• WORK TO BE COMPLETED:
Only the lines from the one containing "Countryside Vintage Quilted Curtains VVCLD05" through the last line of the material should be copied, exactly as written and without pictures.

• DATA SEGMENT:
•••

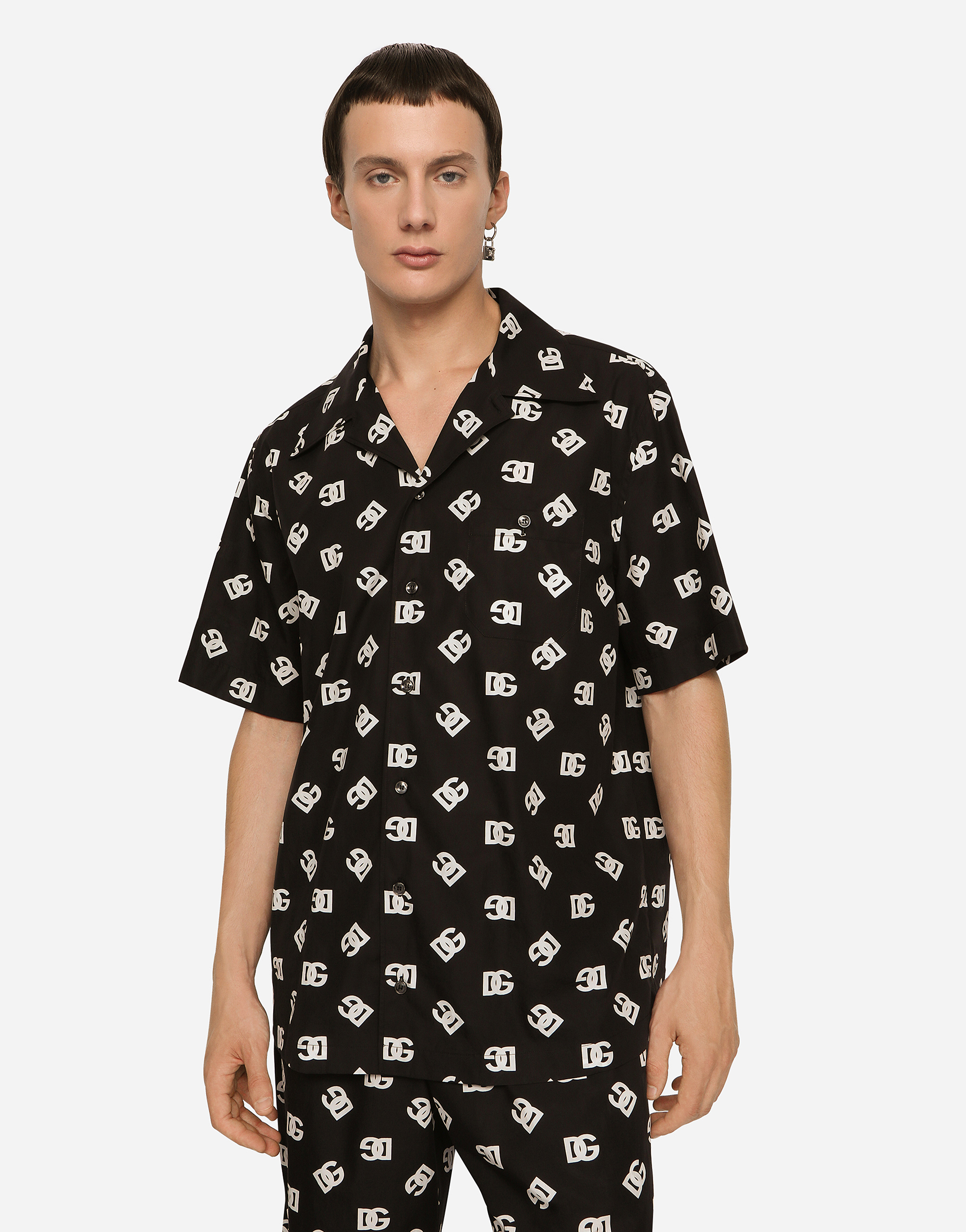 DOLCE & GABBANA COTTON HAWAIIAN SHIRT WITH DG MONOGRAM PRINT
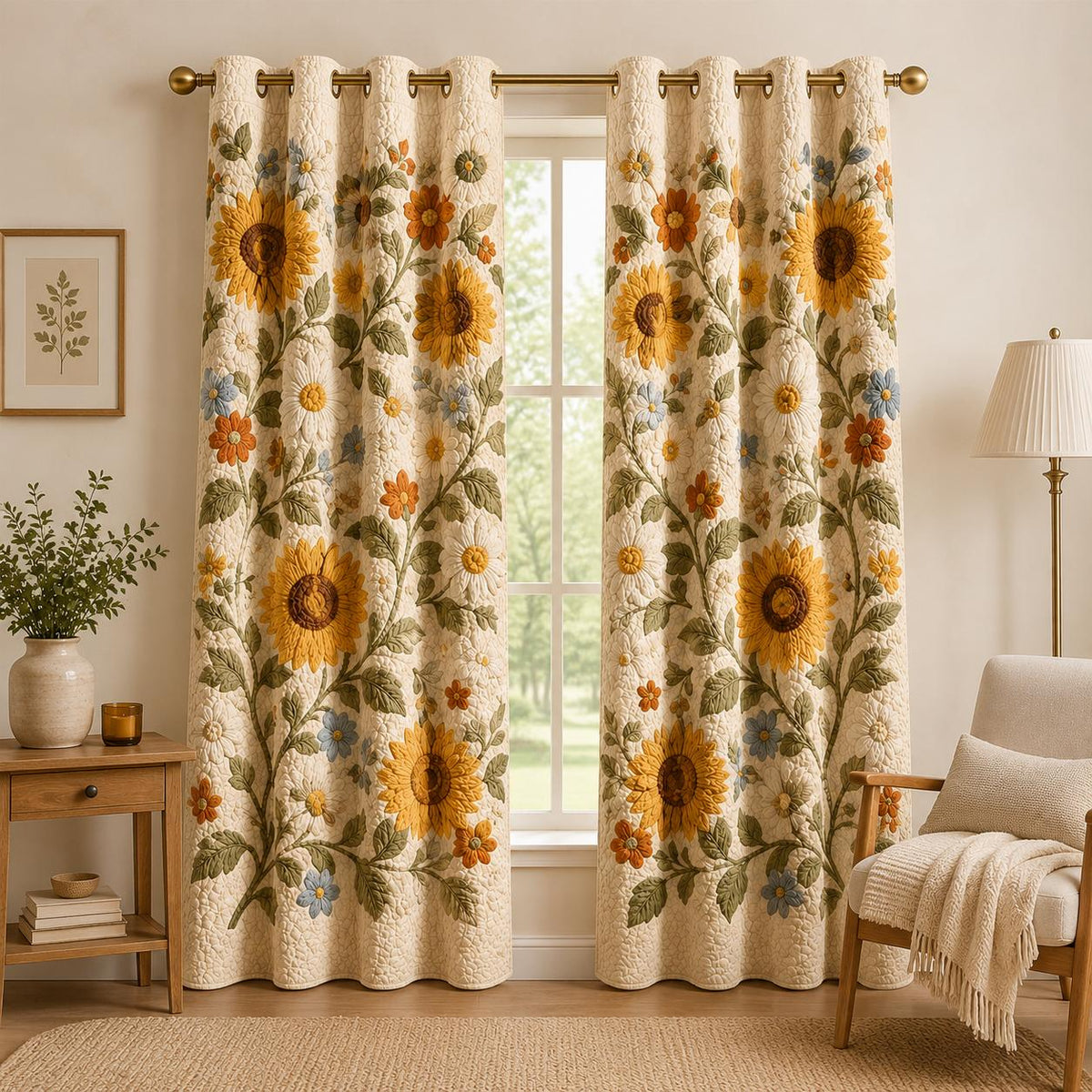 Countryside Vintage Quilted Curtains VVCLD05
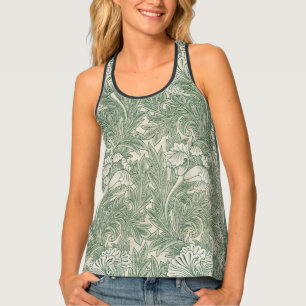 William Morris tulip wallpaper textile green Tank Top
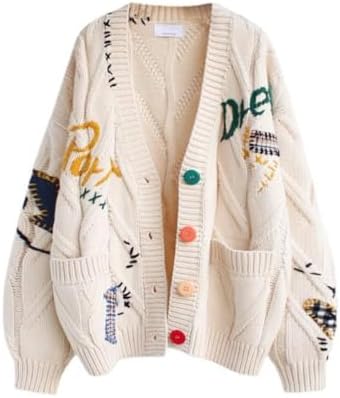 utcoco Womens Open Front Cardigan Cable Knit Long Sleeve Button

•••

• OUTPUT BELOW:
 Countryside Vintage Quilted Curtains VVCLD05
 William Morris tulip wallpaper textile green Tank Top
 utcoco Womens Open Front Cardigan Cable Knit Long Sleeve Button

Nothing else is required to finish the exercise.